Negli ultimi 20 anni abbiamo perso il 50% delle formazioni coralline e, secondo una presentazione svoltasi all’Ocean Sciences Meeting di San Diego, più del 90% delle rimanenti dovrebbe morire entro il 2050. Man mano che gli oceani si riscaldano ulteriormente e diventano più acidi, a causa dell’aumento delle emissioni di anidride carbonica, queste importantissime formazioni rischiano di essere i primi ecosistemi al mondo a estinguersi a causa dell’uomo.
Questi straordinari microcosmi sono antichi e altamente adattabili; apparsi per la prima volta quasi 500 milioni di anni fa, si sono poi estinti, e i coralli attualmente presenti ne hanno preso il posto 240 milioni di anni fa. La differenza sta nel ritmo estremo dei cambiamenti avvenuti. Il corallo è caratterizzato da una crescita lenta e una barriera corallina impiega circa 10 anni per riprendersi completamente dopo un singolo episodio di sbiancamento. Per il 2049 si prevedono episodi annuali di sbiancamento ai Tropici, che porteranno la barriera corallina a uno stadio irrecuperabile.

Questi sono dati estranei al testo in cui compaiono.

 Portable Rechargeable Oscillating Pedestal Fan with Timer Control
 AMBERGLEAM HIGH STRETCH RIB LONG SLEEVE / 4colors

È una prospettiva triste, ed è uno dei motivi per cui, nel 2015, le nazioni di tutto il mondo si sono impegnate a limitare il riscaldamento globale a un massimo di 1,5°C al di sopra dei livelli preindustriali.
Tuttavia, c’è ancora speranza di salvarle. Alcune reagiranno meglio di altre e gli scienziati sono al lavoro per capire il perché. Naturalmente, questo sforzo deve necessariamente coinvolgere l’uomo, che deve impegnarsi attivamente per non sterminarle. Per esempio, gli studi dimostrano che i coralli hanno maggiori probabilità di riprendersi da un episodio di riscaldamento se sono protette da altri stress, come la pesca eccessiva, l’inquinamento dovuto all’agricoltura e i danni arrecati dalle imbarcazioni.
Si spera che costruendo la resilienza, le barriere coralline e le comunità che da esse dipendono possano adattarsi e sopravvivere se il clima si stabilizza. E, se dovesse accadere il peggio, questo dovrebbe aiutare le persone ad abituarsi a vivere senza la barriera corallina. Diverse associazioni stanno portando avanti iniziative in tal senso. L’Unesco, ad esempio, sta portando avanti un’iniziativa simile, incentrata sulle comunità, chiamata Resilient Reefs, dopo aver scoperto il degrado di 21 dei 29 siti della barriera corallina dichiarati Patrimonio dell’Umanità.